To provide information in different languages the database will both store multiple languages for a record where they exist and couple with automatic translation engines to make it easier to serve information in multiple language. Current databases are usually available in only one or two languages. In fact the reason that many duplicate databases exist is because they are developed in different languages. The Unified Listing, with its multilayer data records, will allow viewers to store and present different language translations of the data.  Crowdsourcing and the GPII document transformation pipeline can be combined to both auto-translate and have human correction of entries for people wishing to translate databases to their language, (or it can be done on demand with a slight delay for human double checking and correction if desired).

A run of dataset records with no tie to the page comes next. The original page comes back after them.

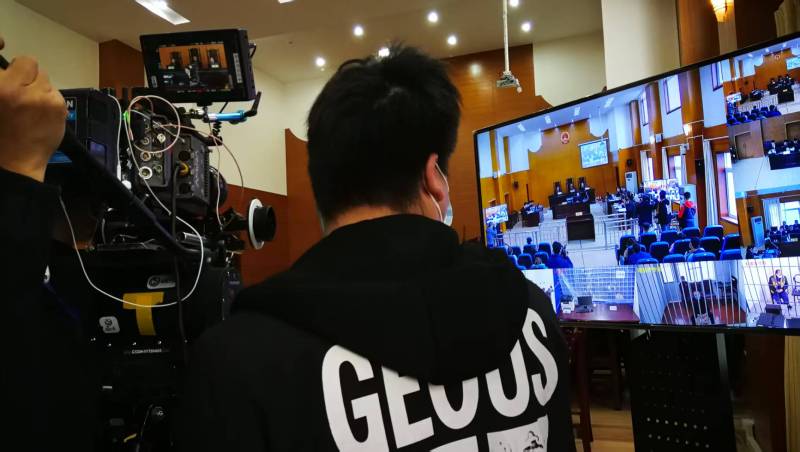 AI生成VS人工创意——浪卡子县广告片拍摄公司的技术浪漫主义实践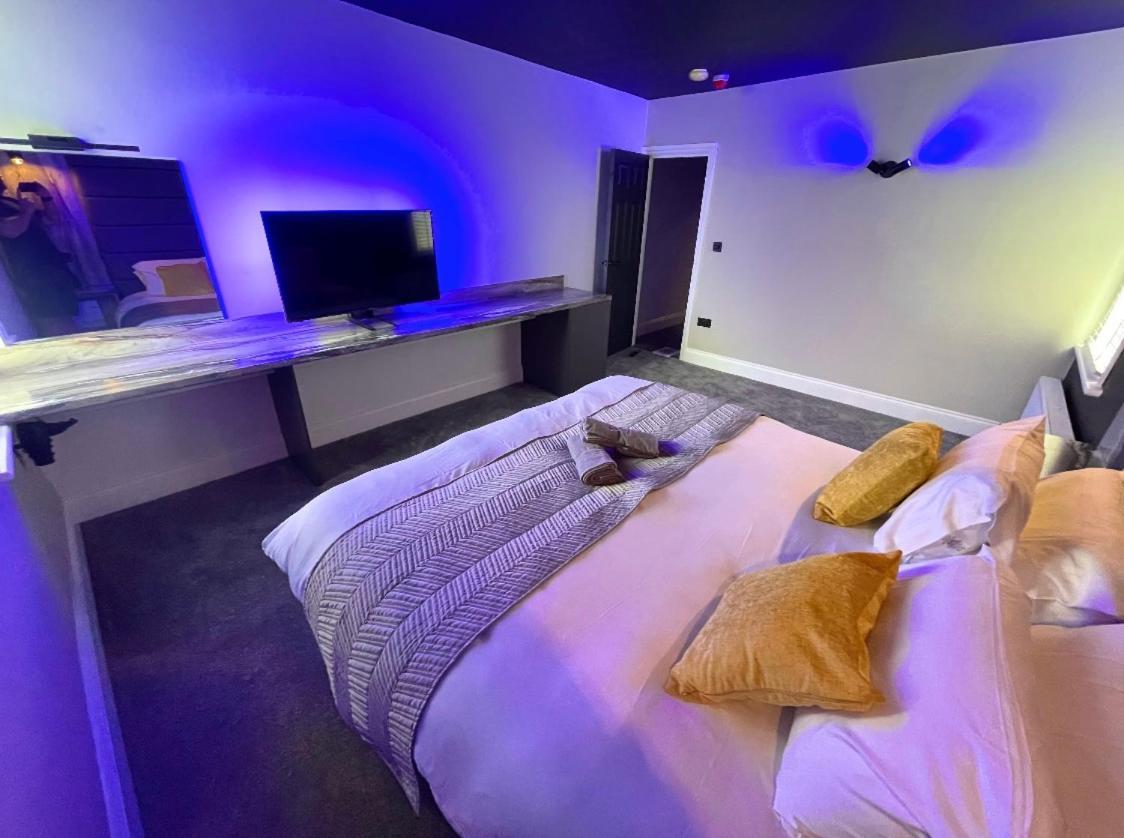 Breeze Suites - Luxury Group Accom - Sleeps 19 Blackpool Eksteriør bilde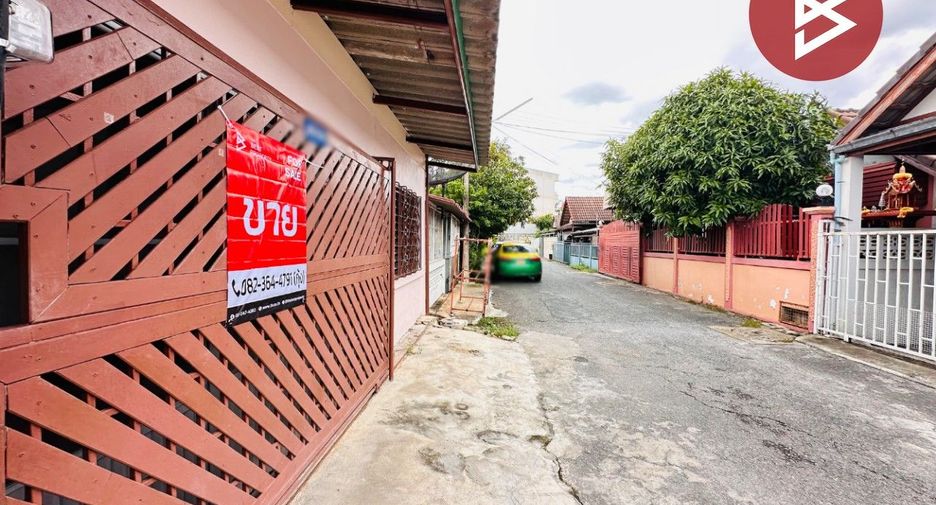 For sale 2 bedrooms townhouse in Mueang Nakhon Pathom, Nakhon Pathom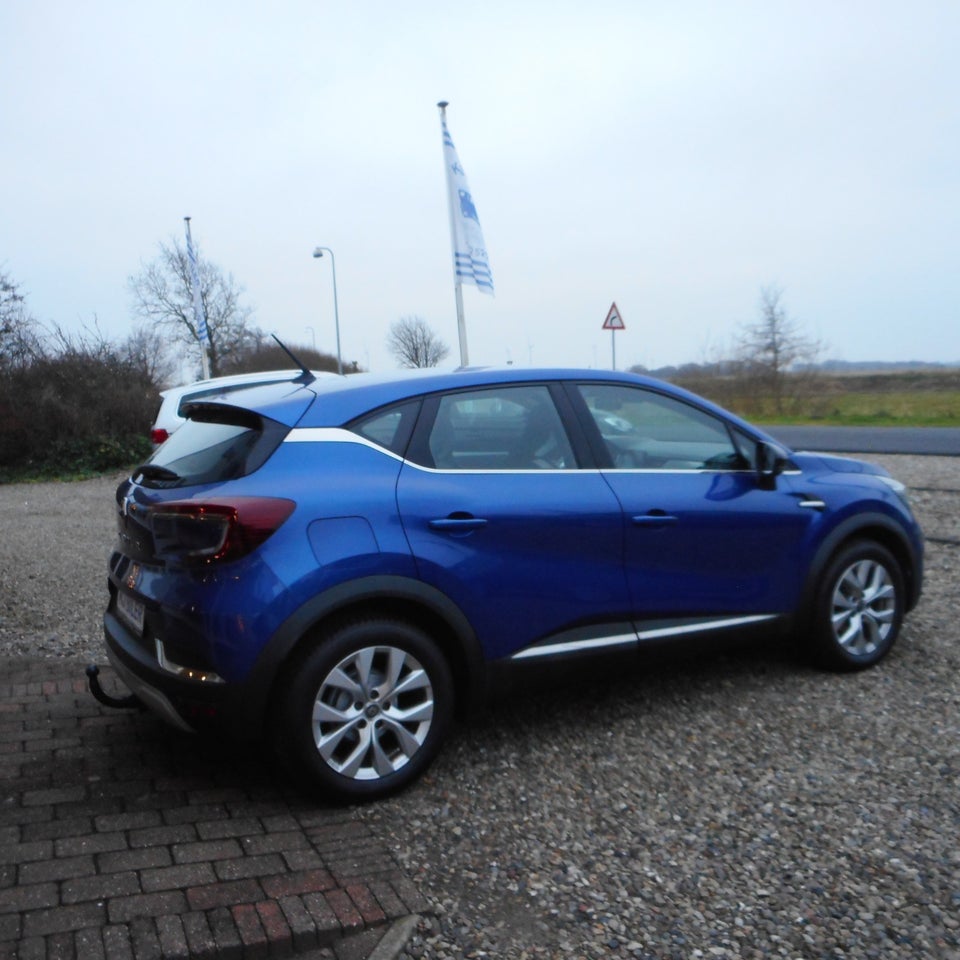 Renault Captur 1,3 TCe 130 Intens EDC 5d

Important for sustainability, the Unified Listing has also championed a new practice wherein all federated database records that originated from another database are clearly marked as to their origin. The power of a truly federated database is the fact that the efforts to maintain the data can be spread across many database teams who then share the results.  However, if the databases are anonymously federated, it can begin to look like all of the databases are redundant.  This can cause some or most to lose their funding. Therefore the origin of the data is important to preserve. In addition the unified database will also track the number of times that data from another database was accessed in the Unified Listing. These usage statistics will then be fed back to the original source database so that that database can report not only the number of searches done on their database, but also the number of searches done on their data remotely.  

Relevant documents

Open Marketplace

Accompanying the Unified Listing will be an Open Marketplace. Whereas the Unified Listing will be comprehensive, and list all products available from all vendors and marketplaces (e.g. the iOS App Store, Google Play, Microsoft's App store etc.) the Open Marketplace will only contain products that a vendor chooses to sell through the Open Marketplace. The purpose of the Open Marketplace is not to compete with the other marketplaces, or to carry a full range or as many products as possible. Instead the purpose of the Open Marketplace is to provide those individuals or companies who cannot market or market internationally themselves with an easy mechanism for selling their product internationally. This will include the ability to automatically handle the financial transactions needed to purchase products in currencies other than the manufacturer’s base currency. Where products are located in any of the app stores, users will be able to find them easily using the Unified Listing, which will then direct them to whichever app store the product resides. If it is in the Open Marketplace and someplace else as well, the user will directed to both. So the Open Marketplace becomes an extension of, or complement to, all of the other markets that are out there. However it is a market where users can upload and sell apps or program or services that cannot be listed elsewhere. Coupled with international translation tools for products being developed, the auto transformation tools  and the multilingual website, the Open Marketplace also makes it easier for people to find products that operate in their language on a website that is presented in their language and in the form needed by them.